C-SCAN(Circular-SCAN) is designed to provides a more uniform wait time. 只做单向的扫,到达一端时立刻回到开头,随后从底往上扫,这样最多只用等待一圈。

LOOK

在 SCAN / C-SCAN 的基础上,只走到一端最后一个任务(look 是否有请求)而不走到 disk 的头。

LOOK is a version of SCAN, C-LOOK is a version of C-SCAN.

Example

  • Advantage:
    • Prevents the extra delay which occurred due to unnecessary traversal to the end of the disk.

Selecting Disk-Scheduling Algorithm

依赖于请求的模式,而请求本身又依赖于文件分配策略。文件系统如果注重空间局部性,能够提供很好的表现提升。

如果 I/O 比较少,FCFS 和 SSTF 即可。如果是大型的服务器或者数据库,一般使用 C-LOOK。如果是 SSD(不用 seek),一般使用 FCFS。

Nonvolatile Memory Devices

If disk-drive like, then called solid-state disks (SSDs).
固态硬盘

Can be more reliable than HDDs,

与磁盘相比,寿命短,容量小,速度快(Bus 慢,需要直接连到 PCIE 上)。
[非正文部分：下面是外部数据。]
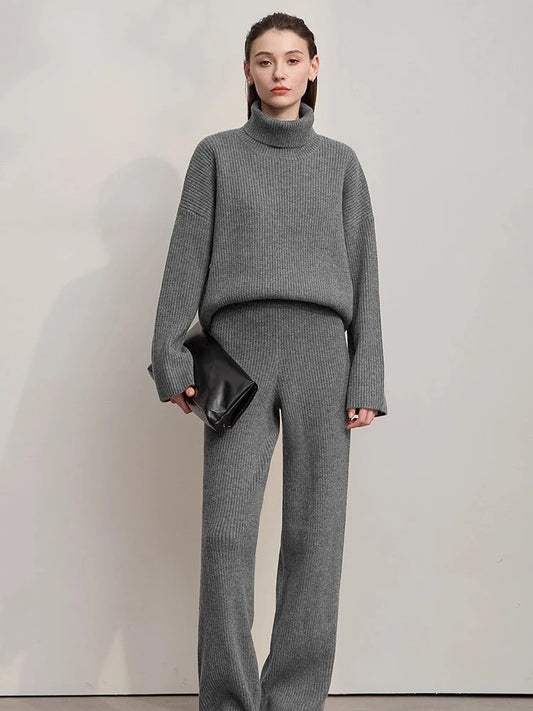 Grey ribbed knit co-ord set with turtleneck sweater and wide-leg pants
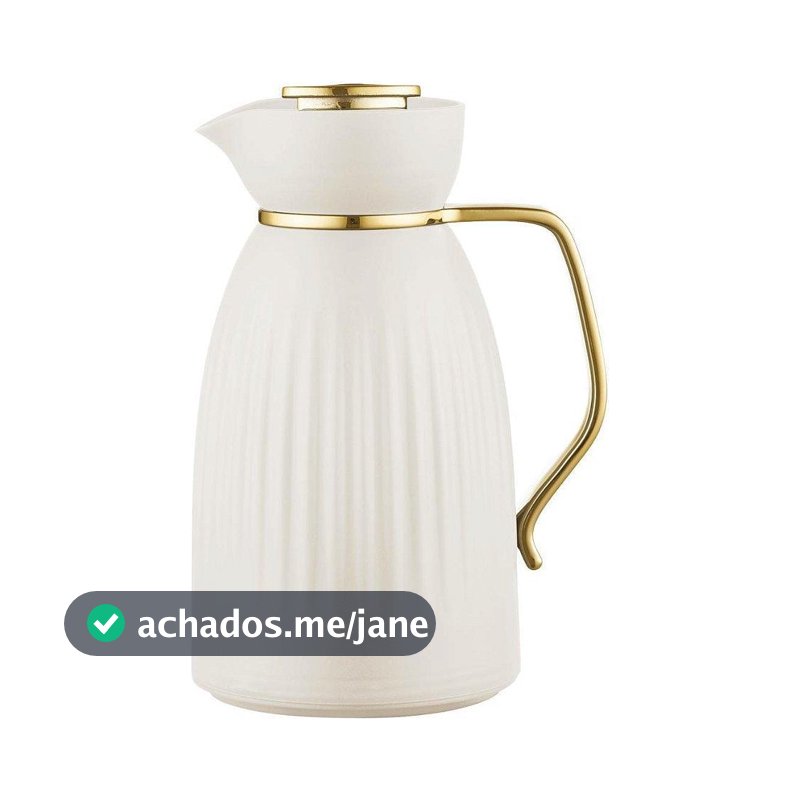 Garrafa Térmica Jade Bege E Dourado Click Tuut 1 Litro Com Design Sofisticado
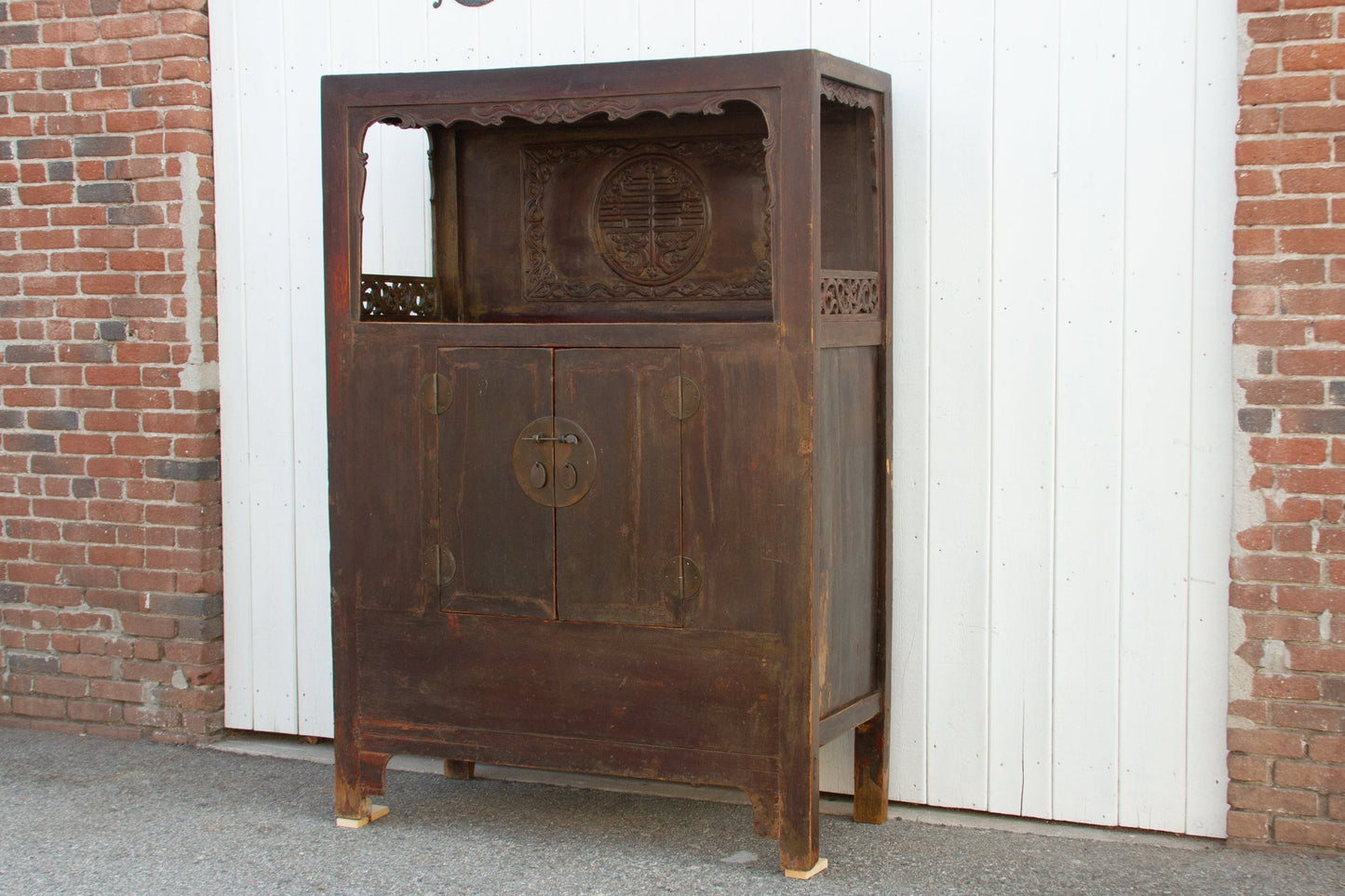 Antique Painted Chinese Tall Altar Cabinet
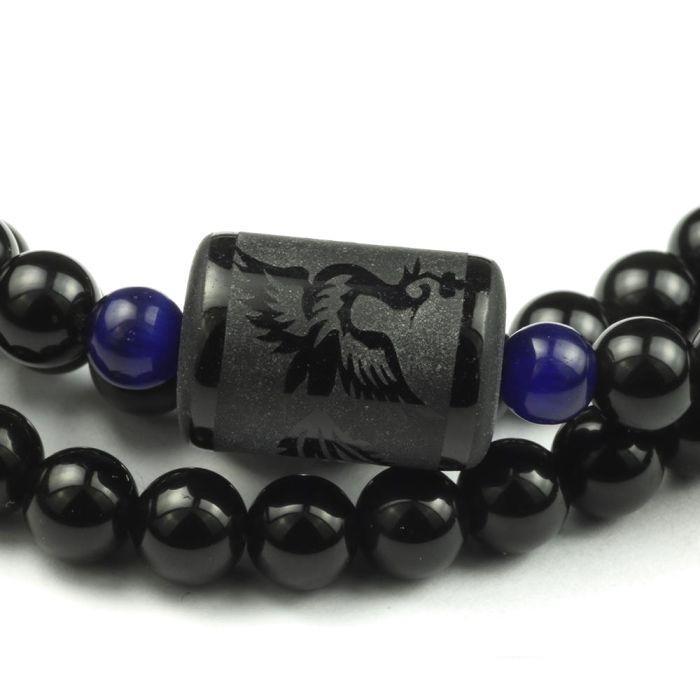 Phoenix & Dragon Rainbow Obsidian Bracelets (Multiwrap) - Spiritual Bliss Shop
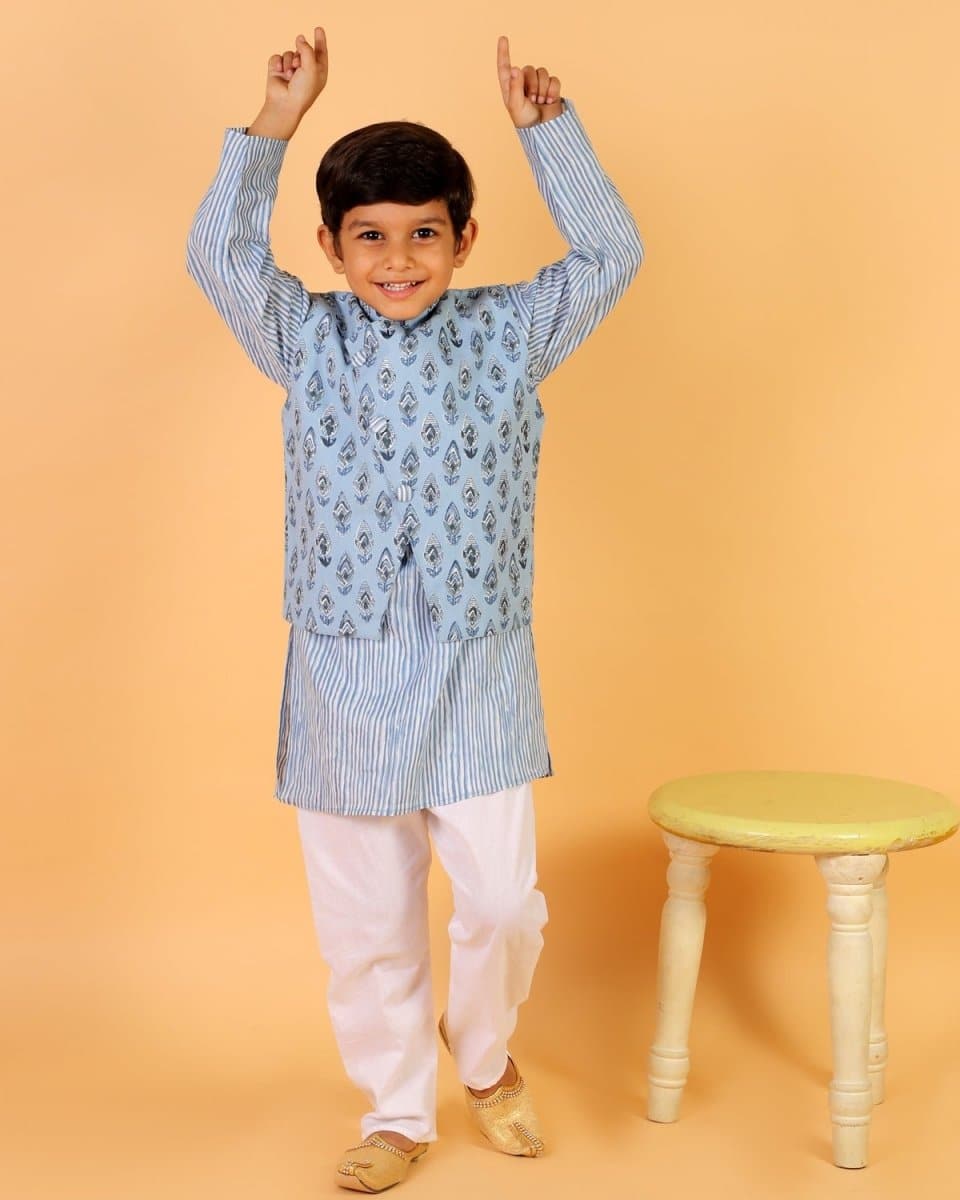 Aster Blue Block Print Jacket and Kurta Pajama Set - KP-BYBLP-0-6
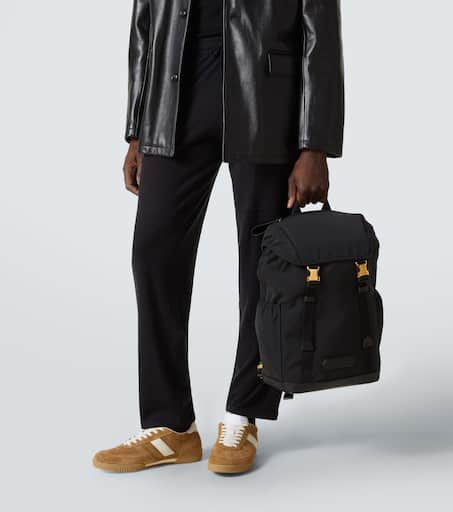 Leather-trimmed backpack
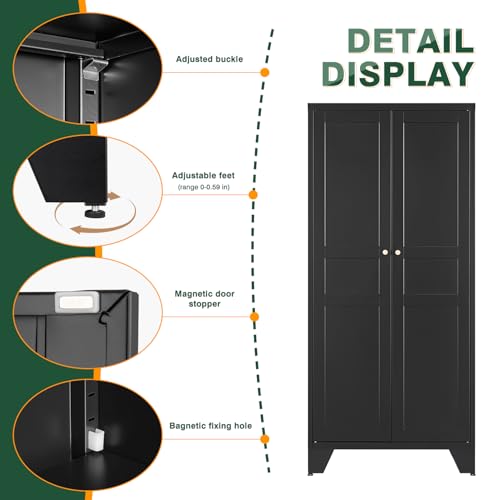 Black Storage Cabinet with Feets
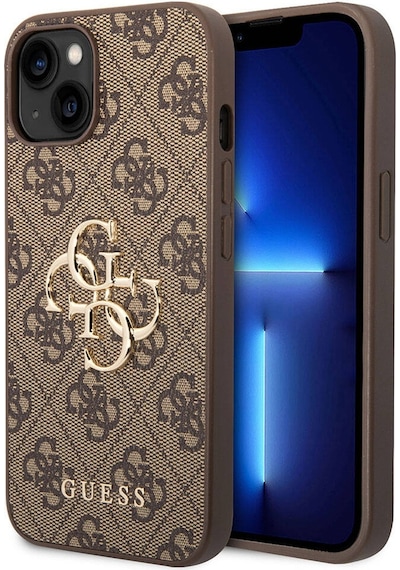 Apple Uyumlu iPhone 15 Plus Kılıf Guess Lisanslı Pu Deri Yazı Ve 4g Metal Logolu Desen Kahverengi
没有 arm 也不需要转,因此不存在 seek time 和 rotational latency.

  • Read and written in “page” increments (think sector) but can’t overwrite in place.

    • Must first be erased, and erases happen in larger “block”
    • Assume block size: 64k
    • Can only be erased a limited number of times before worn out – ~ 100,000

      寿命短,里面是用门电路实现。充放电(擦写)门会被击穿,就无法区分 0/1 了。

    • Life span measured in drive writes per day(DWPD)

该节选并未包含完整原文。